═══ EXTRACTED DATA

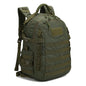 35L Waterproof Backpack Outdoor Hiking Rucksack Camping Travel Bag Men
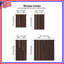 Rideaux obscurcissant et obscurcissant Lines - 2 panneaux-1439434151-1439434159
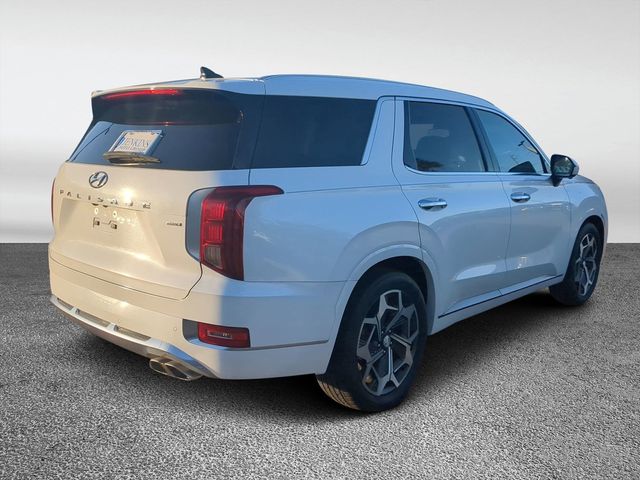 2021 Hyundai Palisade Calligraphy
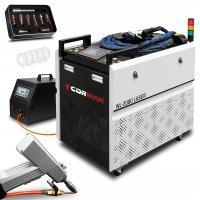 RĘCZNA CZYSZCZARKA ZGRZEWARKA CORMAK SPAWARKA LASEROWA 2000W 3w1 CORMAK 2kW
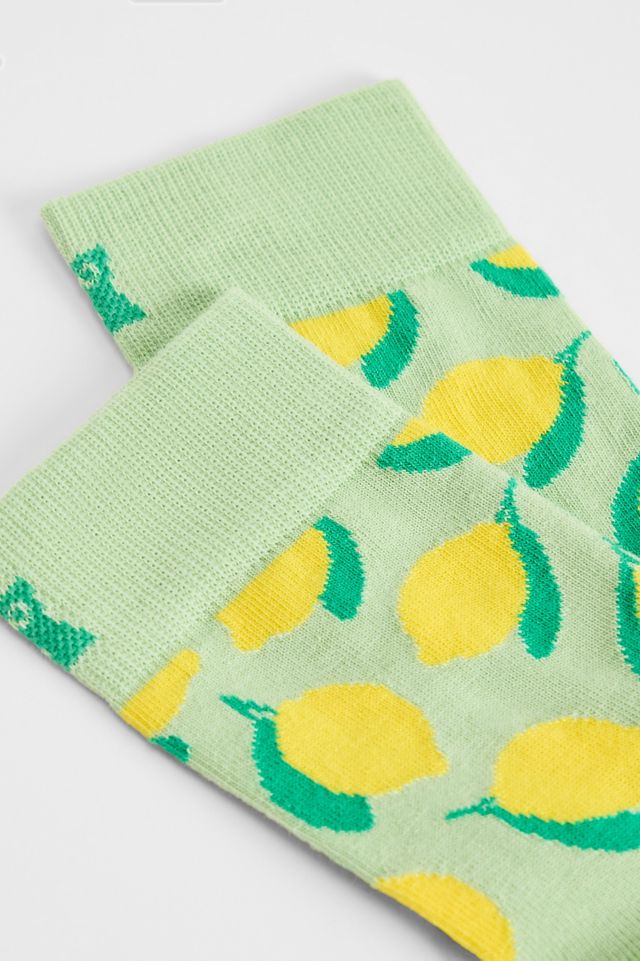 Calcetines Amarillos de Limón Happy Socks #2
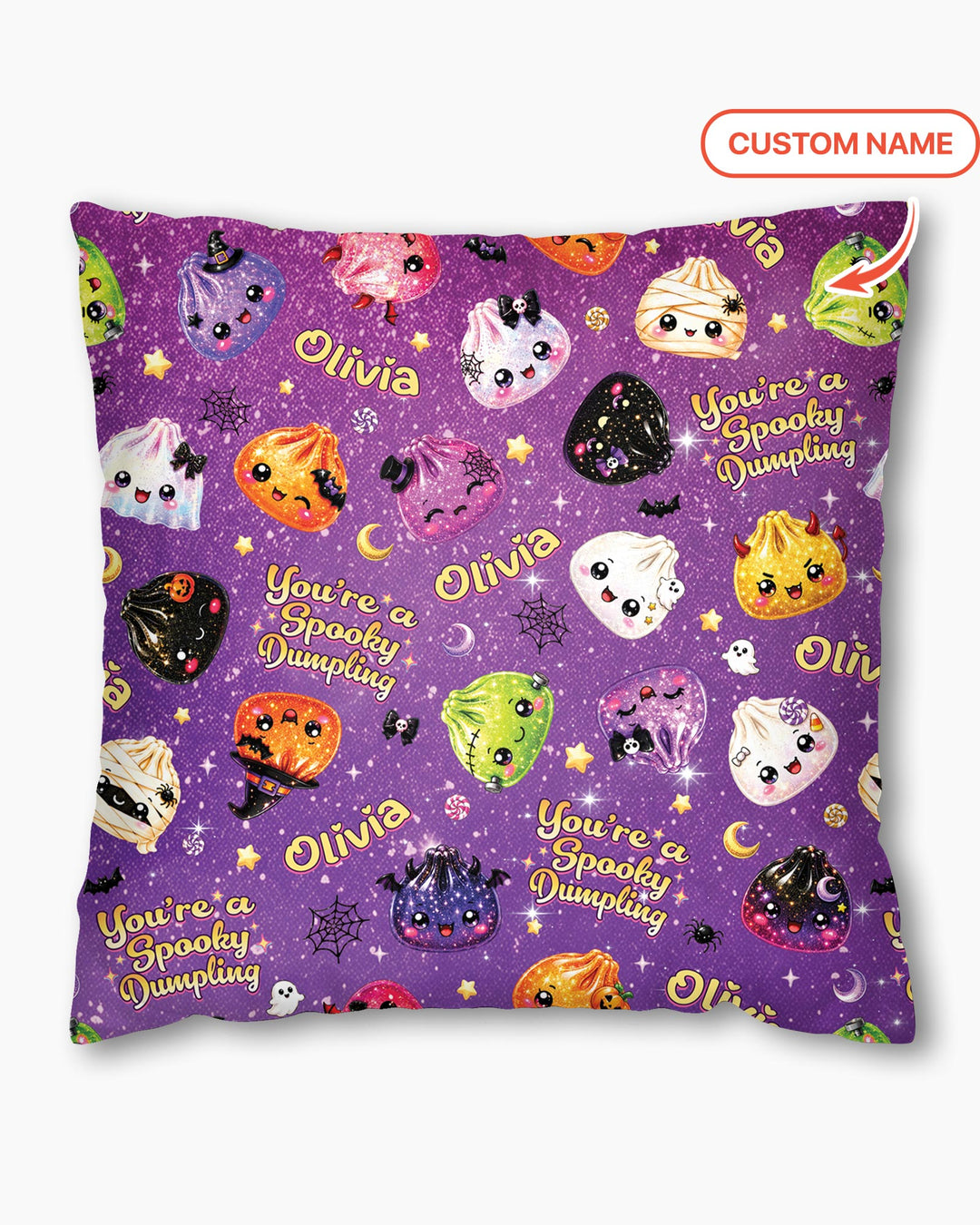 Plantilla de funda de almohada de bambú personalizada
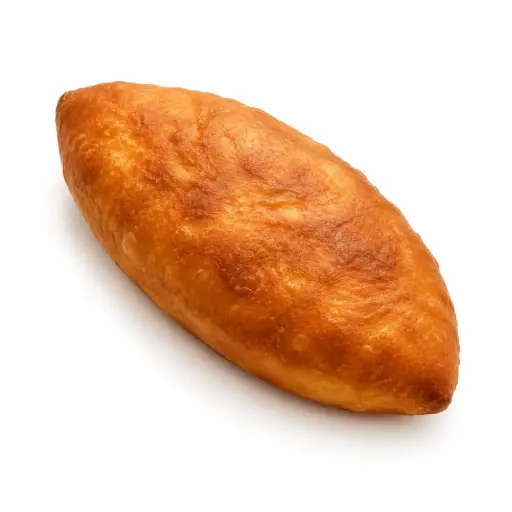 [6089] Gevuld broodje “pirozhok” met aardappel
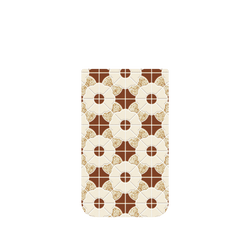 iPhone Air Clear Case（MagSafe 兼容 & 相機按鈕）  老屋顏 馬賽克 - 咖啡館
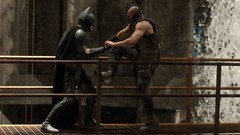 Batman Bane Batman The Dark Knight Rises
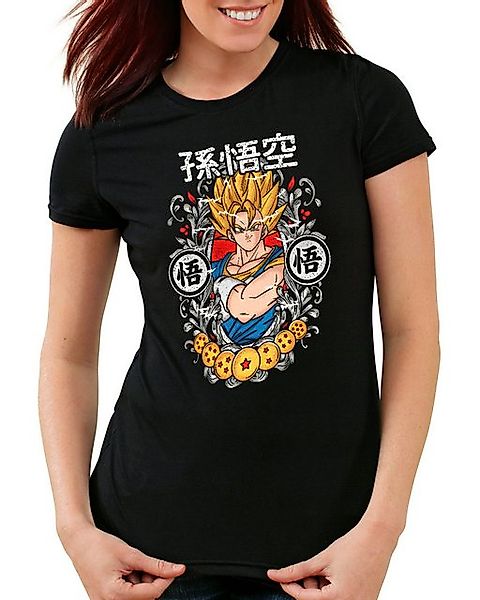 style3 T-Shirt Proud Saiyan Warrior super dragonball z gt songoku breakers günstig online kaufen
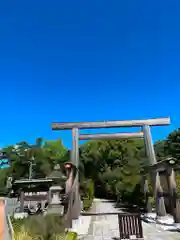 報徳二宮神社の鳥居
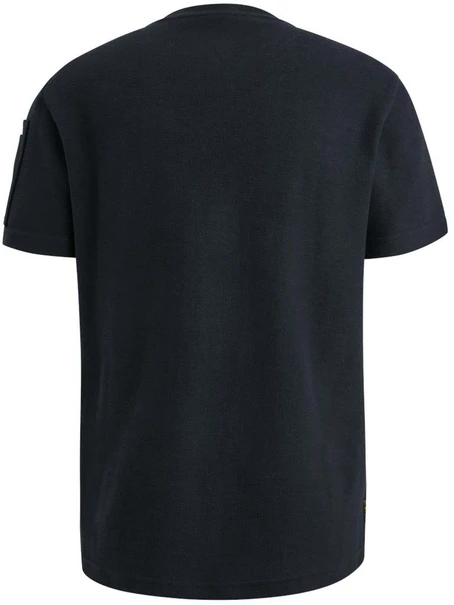 PME Legend Short sleeve r-neck structured piq
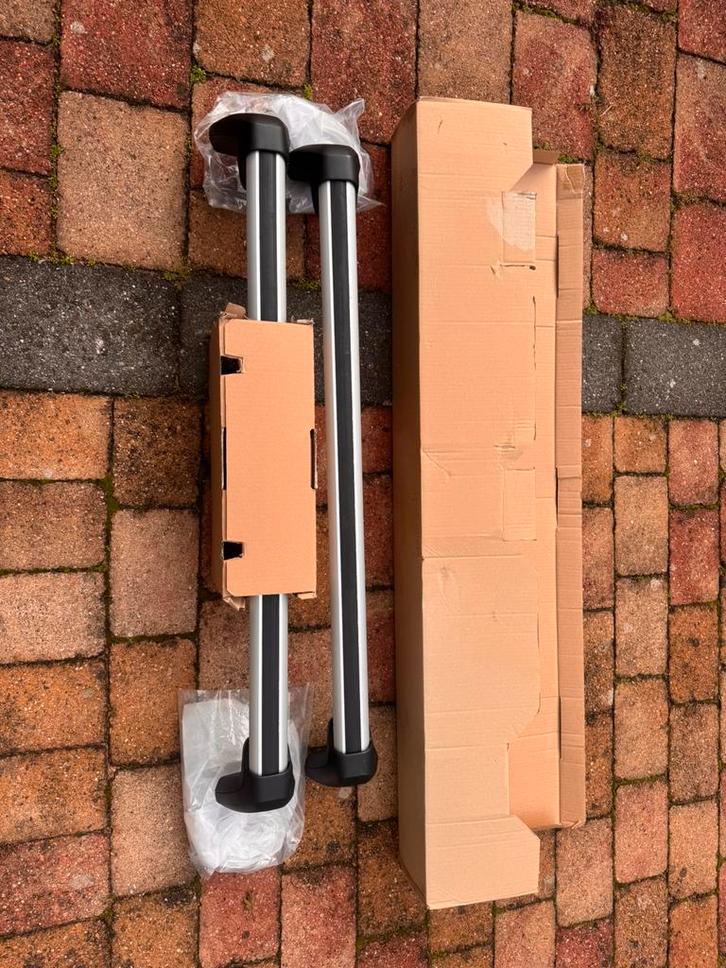 Originele BMW dakdragers 4 serie Gran Coupe (model F36), Auto diversen, Dakdragers, Zo goed als nieuw, Ophalen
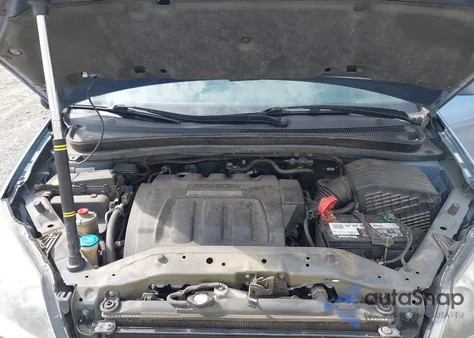 2005 Honda Odyssey Ex-L из США, поврежденный, VIN 5FNRL38605B082927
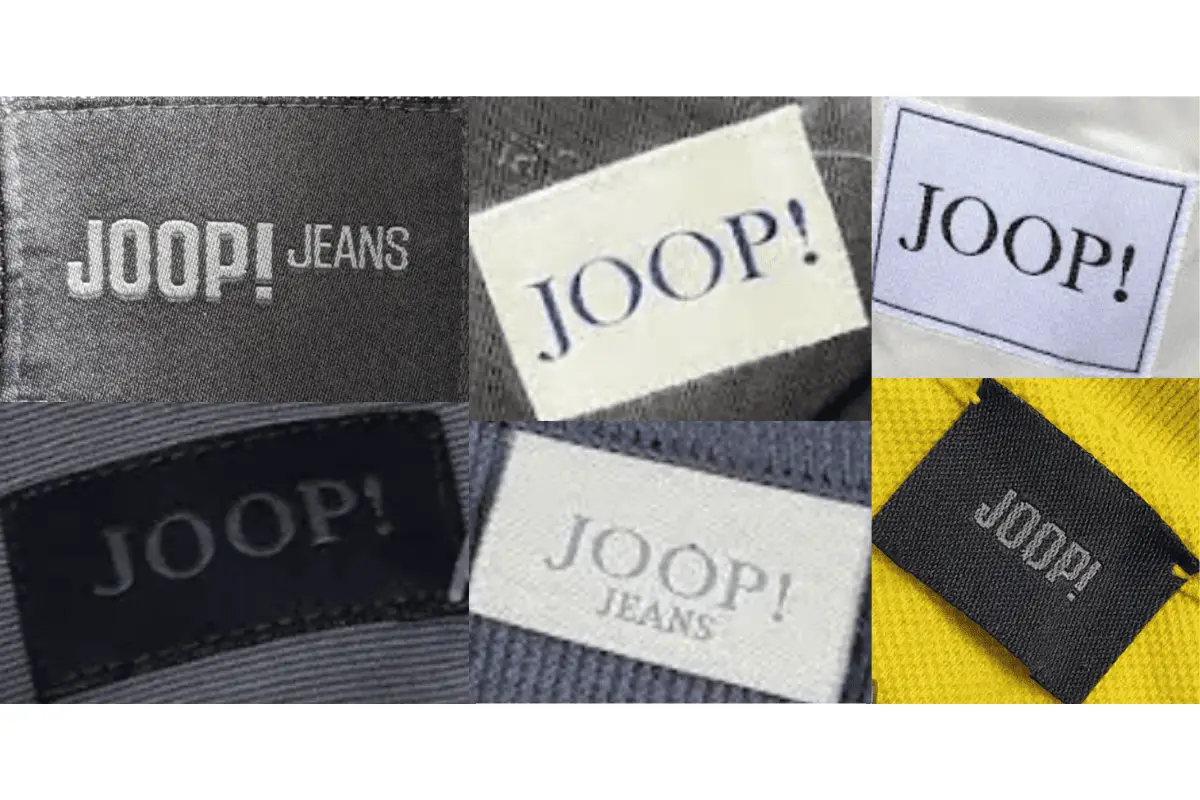 1990s Joop tags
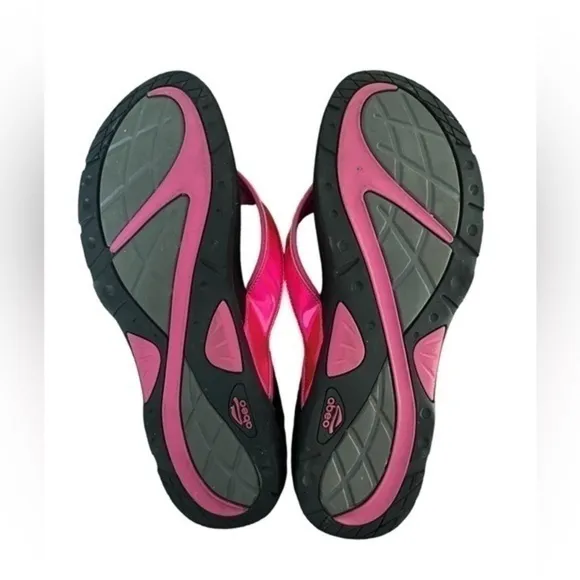 Abeo Alea Walking Company Flip Flop Sandals Sz 10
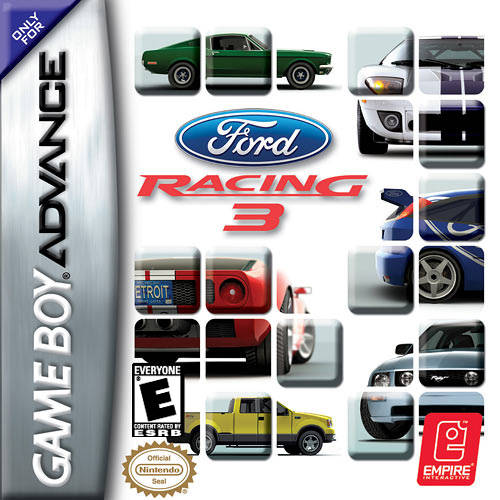 FORD RACING 3 - GBA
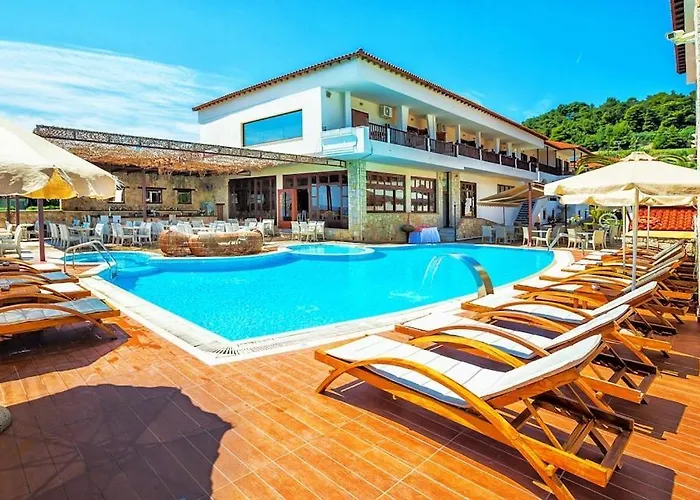 Xenios Paradise Отель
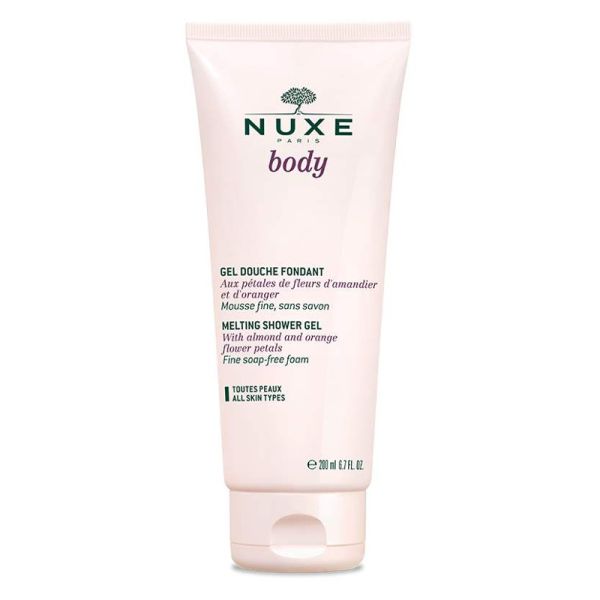 NUXE BODY GEL DOUCHE FONDANT 200 ML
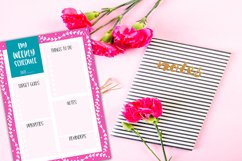 Weekly Schedule Planner I Weekly Planner Printables Product Image 2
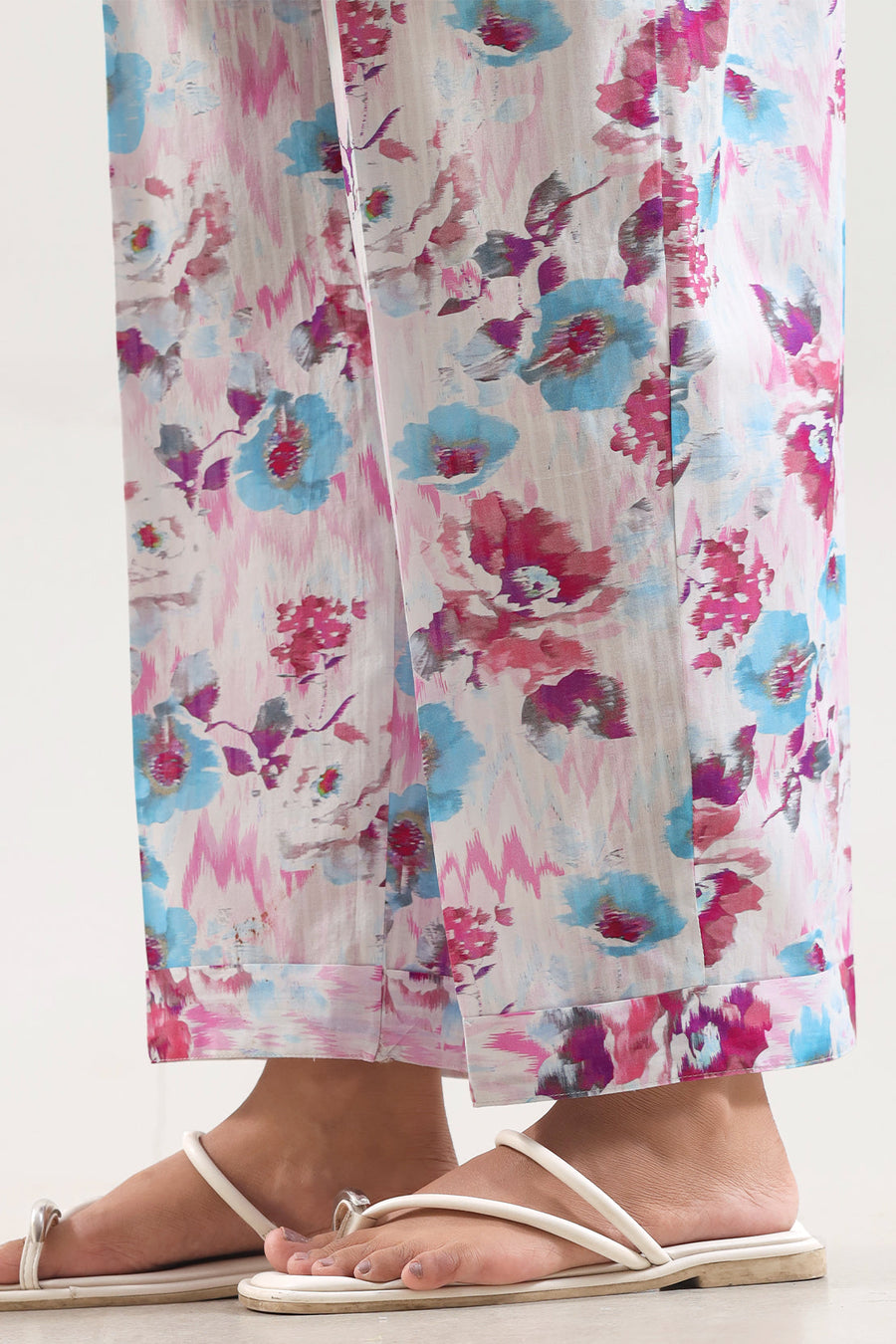 Stitched Printed Embroidered Lawn 2 Piece (Shirt/Trouser) - Pehnaawaa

══════

● WORK REQUEST
Repeat the lines above, starting at the first and stopping after the line that holds "RĘCZNA CZYSZCZARKA ZGRZEWARKA", with the pictures left out.

● TASK SOLUTION
 35L Waterproof Backpack Outdoor Hiking Rucksack Camping Travel Bag Men
 Rideaux obscurcissant et obscurcissant Lines - 2 panneaux-1439434151-1439434159
 2021 Hyundai Palisade Calligraphy
 RĘCZNA CZYSZCZARKA ZGRZEWARKA CORMAK SPAWARKA LASEROWA 2000W 3w1 CORMAK 2kW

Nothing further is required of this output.